Thursday, 17 October 2013

The Postmodernism-Tapeworm Analogy

EDIT 31/10/2013: I made a silly mistake; it's hookworms, not tapeworms, that are beneficial to humans. That being said, tapeworms are still not detrimental to humans.

I just saw an article at Patheos entitled "Many Post-Moderns Have the Intellectual Equivalent of a Tapeworm in their Minds," which was pretty much certain to get my click-through. Here's why: I'm sure the author means that postmodernism is an intellectual parasite, some kind of malefic being which devours cognitive sustenance before the thinker in question can digest it, so I was primed to disagree with the author's intent, but NOT with the title, because tapeworms aren't actually detrimental to human hosts. They're actively beneficial!

First, they don't consume enough of our nutrients to harm us; only anemic or severely malnourished individuals would suffer any harm from a tapeworm. Second, for reasons not yet fully known to science, people with tapeworms have no allergies. There's evidence to suggest that deliberately infecting oneself with tapeworms will cure you of allergies. This is because they aren't parasites but symbiotes; just as we've evolved to have a special relationship with dogs, we've also evolved to have a special relationship with tapeworms. Third, you'll have a permanent friend. About the only downside to hosting a tapeworm is that it's pretty gross when the tapeworm tries to leave your body (something it will only do if it is starving, and that will only happen if you are starving), and this can be easily avoided by encouraging it to remain in your body.

(Thanks to my brother for informing me of this; he's told people that they shouldn't accept food from him if they've complained of allergies, because he'll likely try to cure them with tapeworms.)

So! Yes, I agree. Postmodernism is a tapeworm in your brain! It makes you less allergic to things you'd otherwise react badly toward, and it does not prevent you from ingesting ideas whatsoever.

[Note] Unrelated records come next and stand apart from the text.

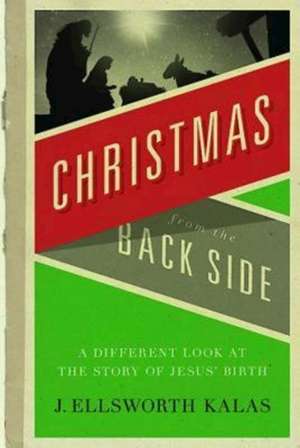 Christmas from the Back Side de J. Ellsworth Kalas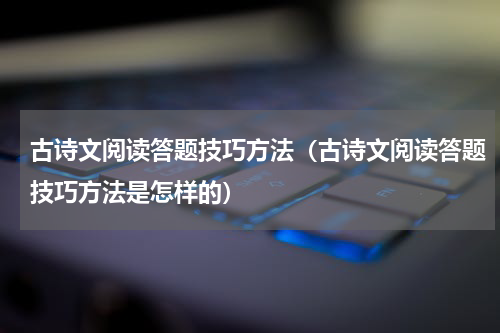古诗文阅读答题技巧方法（古诗文阅读答题技巧方法是怎样的）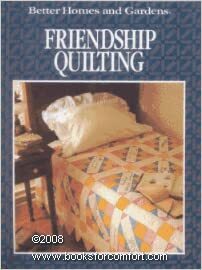 Friendship Quilting by Patricia Wilens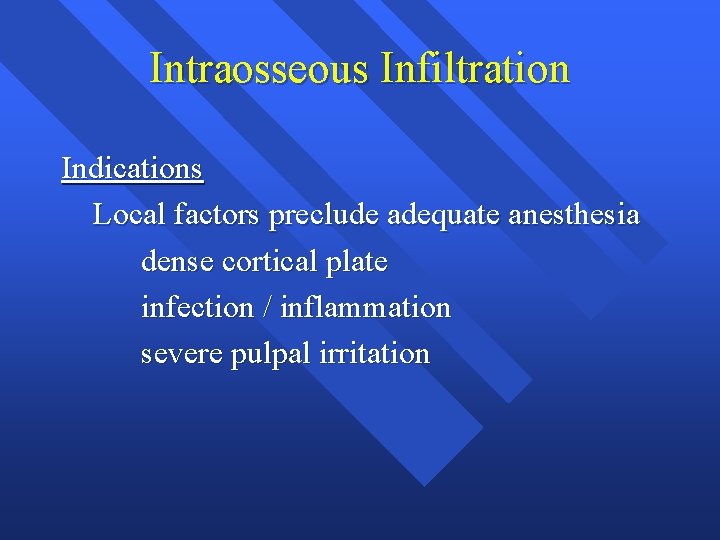 Intraosseous Infiltration Indications Local factors preclude adequate anesthesia dense cortical plate infection / inflammation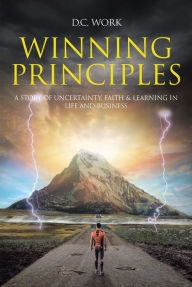 Title: Winning Principles: A story of Uncertainty, Faith, and Learning in Life and Business, Author: D.C. Work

Disclaimer: I do not consider myself a postmodernist and I do not encourage others to be postmodernists. I do strongly encourage people to learn about postmodernism, to recognize its achievements and respect it for those achievements (eg. its role in anti-racist activism, cf bell hooks), and to adopt the better of the tools which postmodernism has given us (eg. deconstruction, the idea of culture). In a sense, house a little postmodernist!you in your mind to be one of the many philosophical angels on your shoulders.

And actually engaging with the article at all: I don't know what Mark Shea is talking about. Pretty much every postmodernist I know or have heard of is extremely well-educated, in both the senses of "erudite" and "good at thinking."